I. Standard of Review
The trial court's decision to grant the District's motion to dismiss Ortega's demotion action because of the failure to exhaust raises legal issues and is subject to de novo review. (Evans v. City of San Jose (2005) 128 Cal.App.4th 1123, 1136, 27 Cal.Rptr.3d 675.) 7 In Ortega's termination action, the District demurred, again relying on Ortega's failure to exhaust his administrative remedies. The trial court sustained the demurrer without leave to amend. We review this order de novo, exercising our independent judgment as to whether, as a matter of law, the complaint states a cause of action on any available legal theory. (See Lazar v.

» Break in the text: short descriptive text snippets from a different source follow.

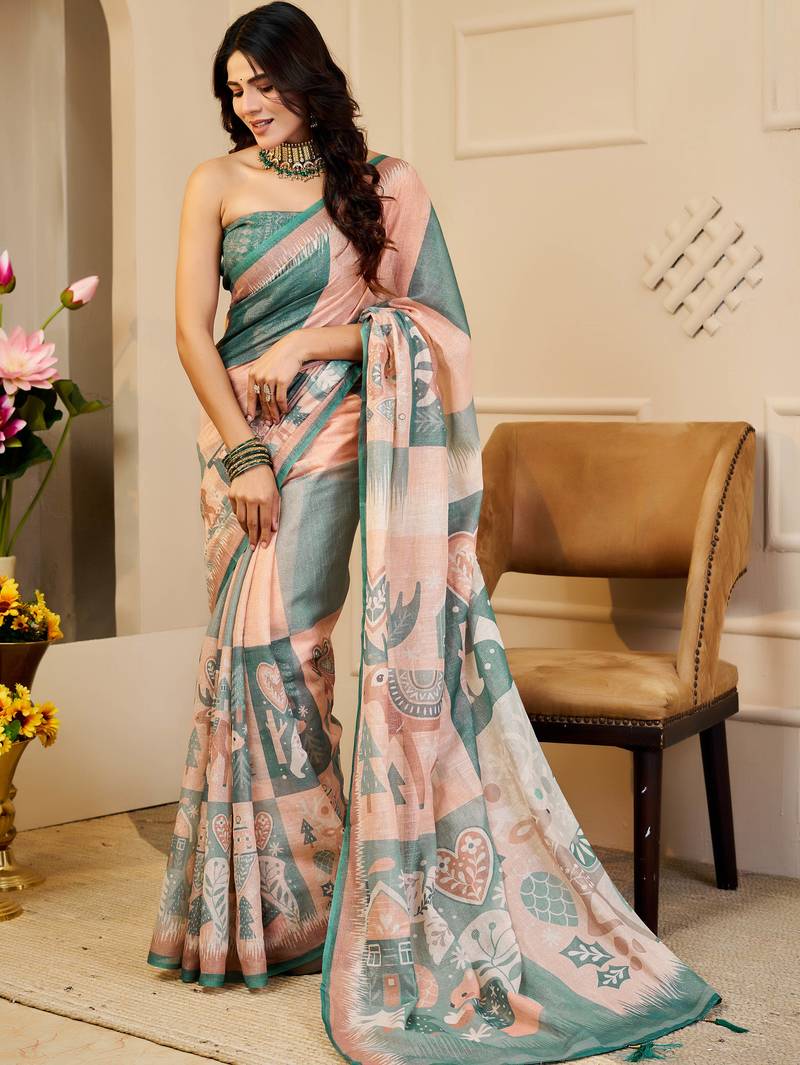 sea green peach shimmer handloom cotton blend digital print saree (sfshmr21)
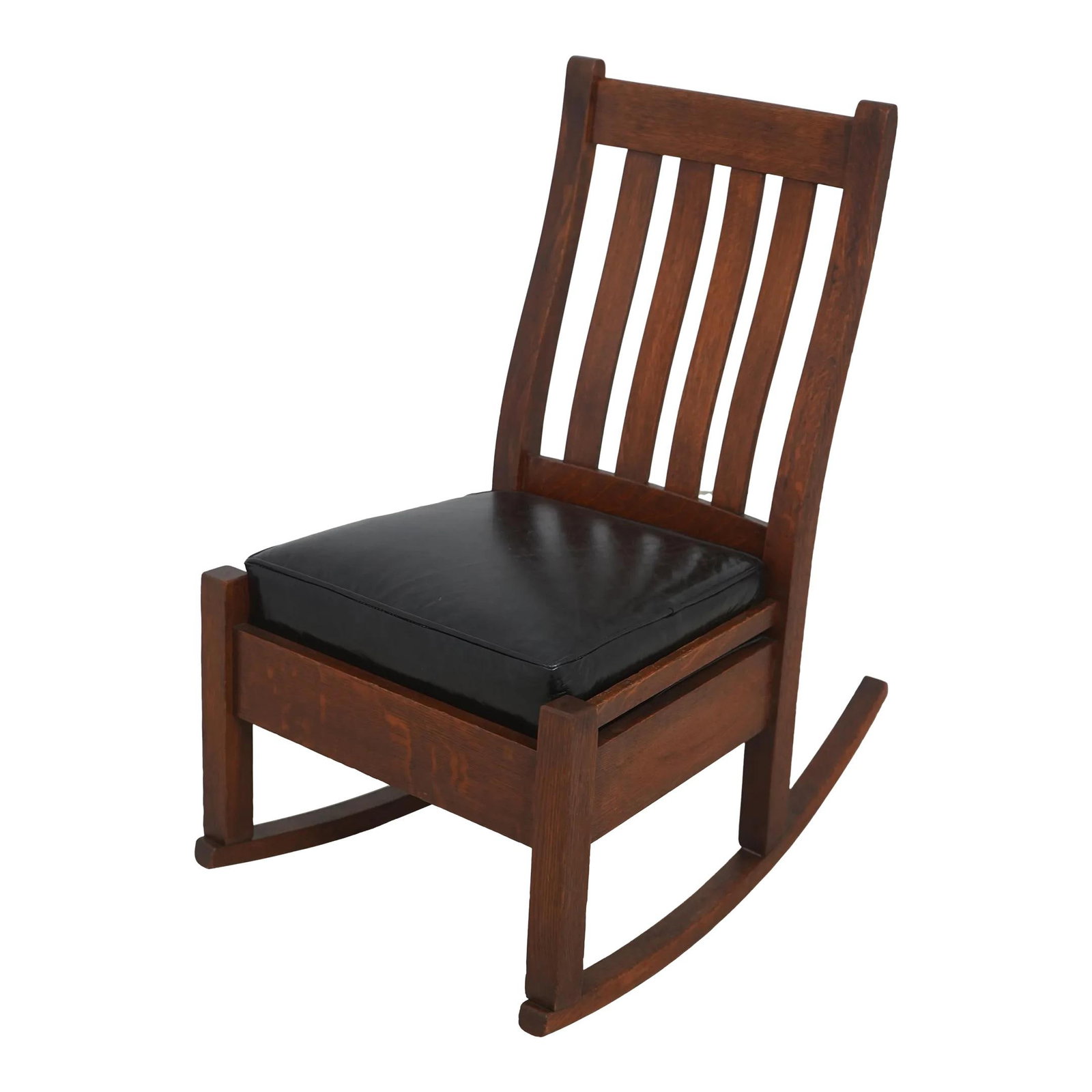 Stickley Brothers Arts & Crafts Mission Oak Nursing Rocker with Black Leather Seat: Stickley Brothers Arts & Crafts Mission Oak Nursing Rocker with Black Leather Seat Experience the charm of the early 20th century with this Stickley Brothers Quaint Small Mission Oak Nursing Rocker. C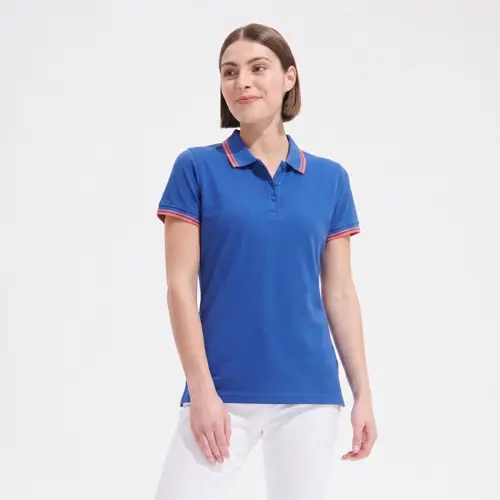 Maglietta polo SOL'S PASADENA da donna in 100% cotone pettinato ringspun con collo e giromaniche a righe in contrasto da 200gr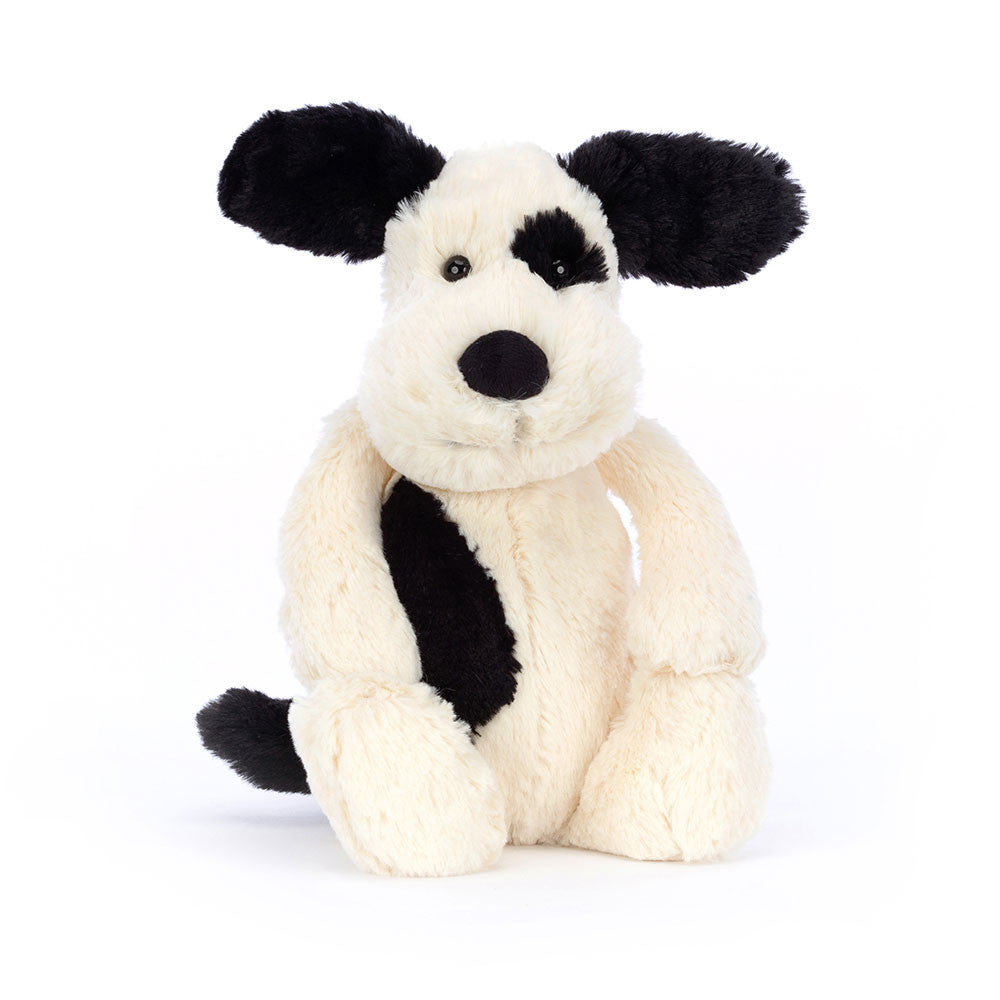 JellyCat - Verlegen Zwart & Crèmekleurig Puppyhondje Pluche Speelgoed 31 cm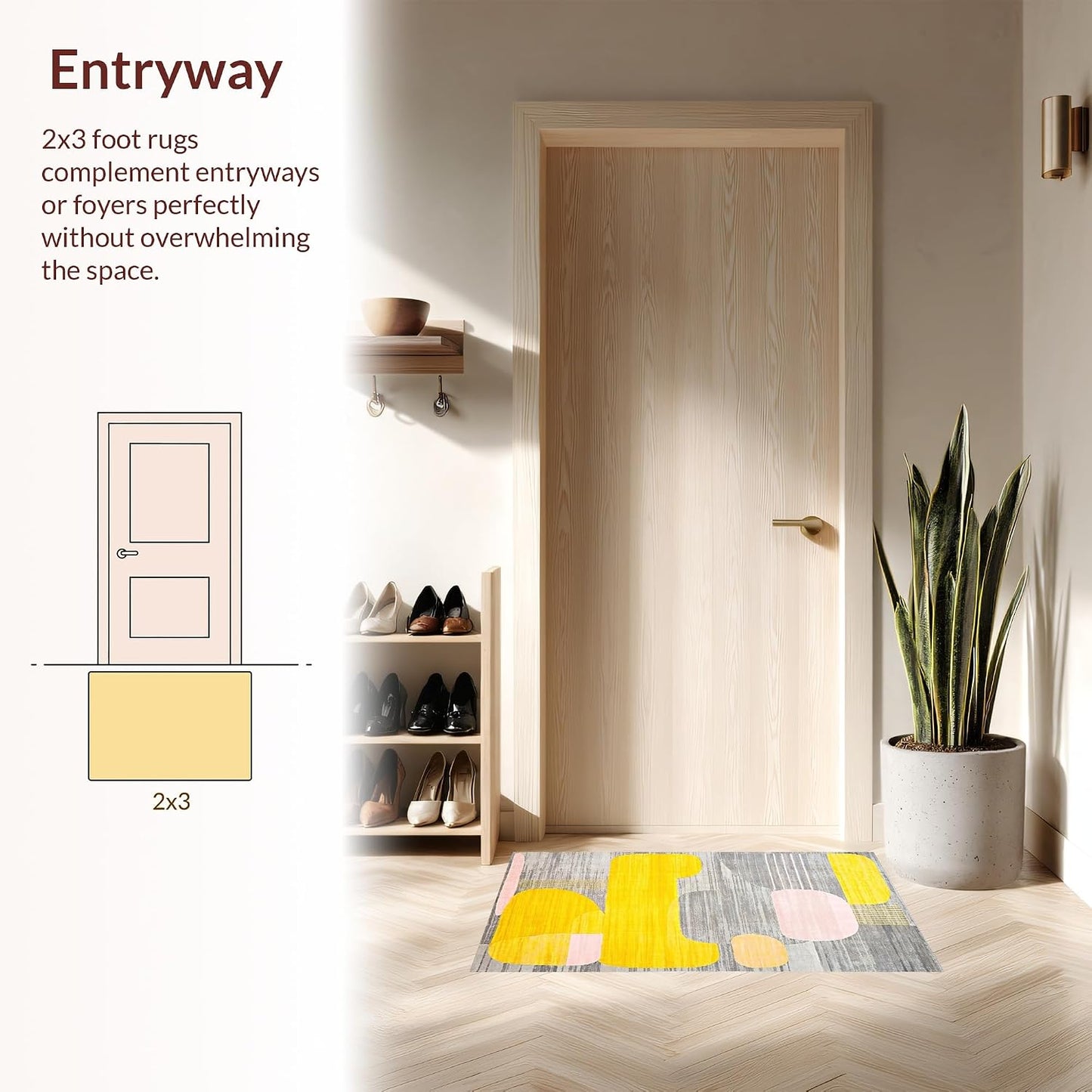 Flatwoven High Traffic Area Rug 6x9, Stylish Contemporary Rug Yellow & Gray Abstract Art, Non Slip, Stain Resistant, Washable Area Rugs for Living Room, Bedroom (Yellow, 6x9)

Hertz Corp. (1999) 69 Cal.App.4th 1494, 1501, 82 Cal.Rptr.2d 368.) In doing so, we assume the truth of all material factual allegations together with those matters subject to judicial notice. (Blank v. Kirwan (1985) 39 Cal.3d 311, 318, 216 Cal.Rptr. 718, 703 P.2d 58.) “If the court sustained the demurrer without leave to amend, as here, we must decide whether there is a reasonable possibility the plaintiff could cure the defect with an amendment. [Citation.] If we find that an amendment could cure the defect, we conclude that the trial court abused its discretion and we reverse; if not, no abuse of discretion has occurred. [Citation.] The plaintiff has the burden of proving that an amendment would cure the defect. [Citation.]” (Schifando v. City of Los Angeles (2003) 31 Cal.4th 1074, 1081, 6 Cal.Rptr.3d 457, 79 P.3d 569 (Schifando ).)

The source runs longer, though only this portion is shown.